Пархоменко — страница 93 из 107

— Да, я, как ваша тень, — сказал тихо Ривелен. — Только что беседовал с Верой Николаевной. Весьма умная дама. Она одобряет ваши предположения.

— Какие? — спросил Штрауб, у которого не было никаких предположений. — В каком смысле?

— В том смысле, что иначе жить нельзя. В Америке люди деловые. Я — представитель Америки. И как деловому человеку мне глубоко противно постоянно слышать о деле, но дела не видеть. Это может плохо кончиться и для меня и для вас, к сожалению.

— Для меня, пожалуй, к большему сожалению?

Ривелен молча указал на паровоз, который гудком приглашал пассажиров. Поезд отошел.

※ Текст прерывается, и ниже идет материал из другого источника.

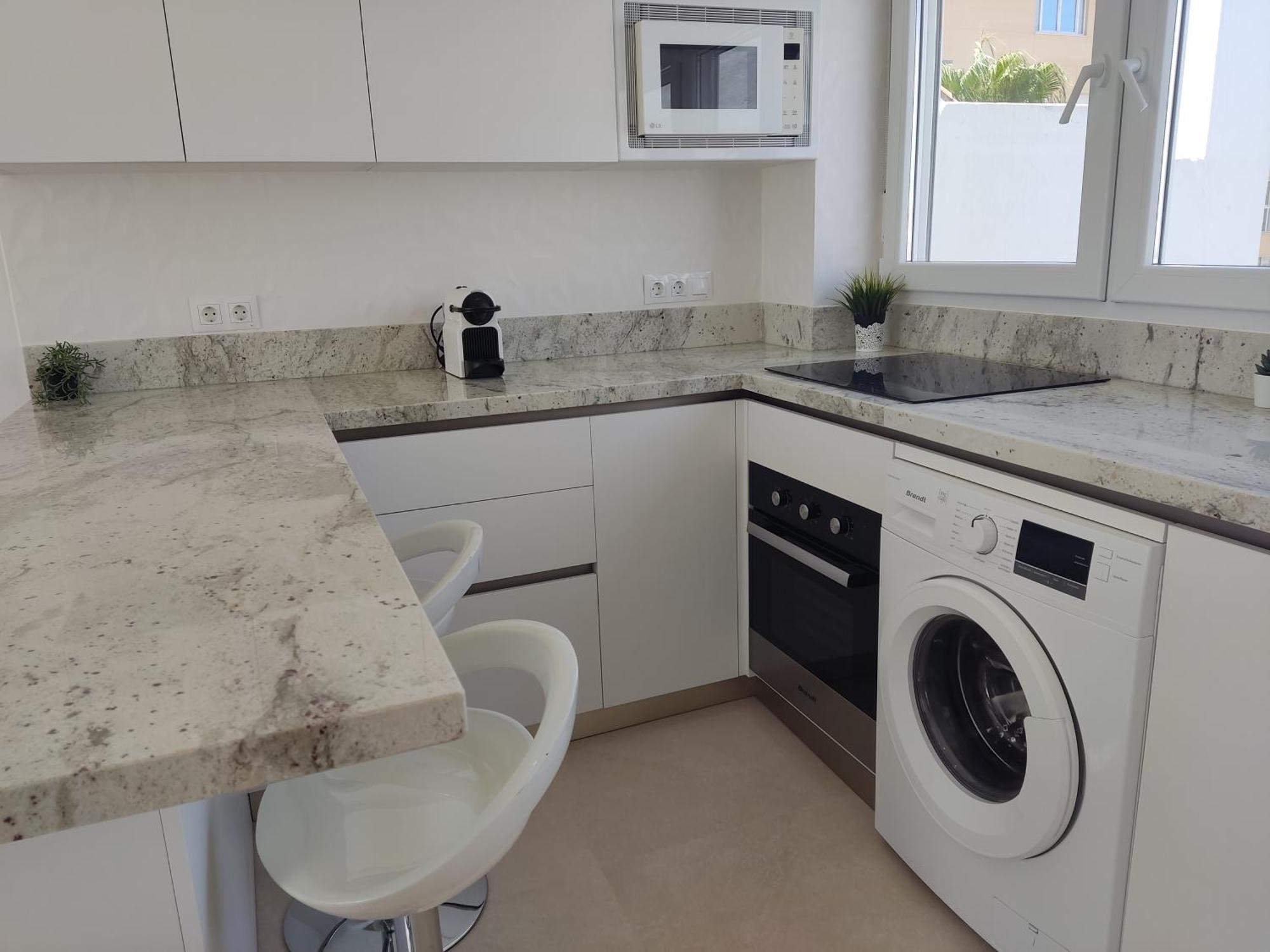 Appartamento Front Sea View Penthouse Estepona Esterno foto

За водокачкой увидели санитарную повозку. Врач бинтовал руку раненому. Санитары несли еще нескольких. Поезд медленно пошел через деревянный мост, наполовину сгоревший, а наполовину взорванный. Рядом, на быстрой и мутной от дождей реке, саперы заканчивали сборку понтонного моста. Ривелен сказал:

— Партизаны взорвали. И, что хуже всего, на Западной Украине показались тоже партизаны. Русских ждут там. Нужно пресечь эти ожидания, Штрауб. Варшава и наш посол одобряют ваш план. Я тоже думаю об этом, а затем мы оба пойдем к аппарату.

— Есть у вас сигарета? — спросила Вера Николаевна. — К аппарату, пожалуй, пойду я.

— Превосходно! Но вы все же продолжайте обдумывать, Штрауб.

Штрауб и продолжал, тем более что ни Вера Николаевна, думавшая за него, ни движение поезда не мешало думать: за два дня поезд взял не более пятидесяти километров. А затем он совсем замедлил ход, и возле шлагбаума, у шоссе, пересекавшего железнодорожную линию, состав загнали в тупик. Ривелен отправился браниться на станцию. Пока он ходил, паровоз увели совсем. «Вот тебе и всесильная Америка!» — не без злорадства подумал Штрауб, глядя на разозленное лицо Ривелена, который вернулся ни с чем.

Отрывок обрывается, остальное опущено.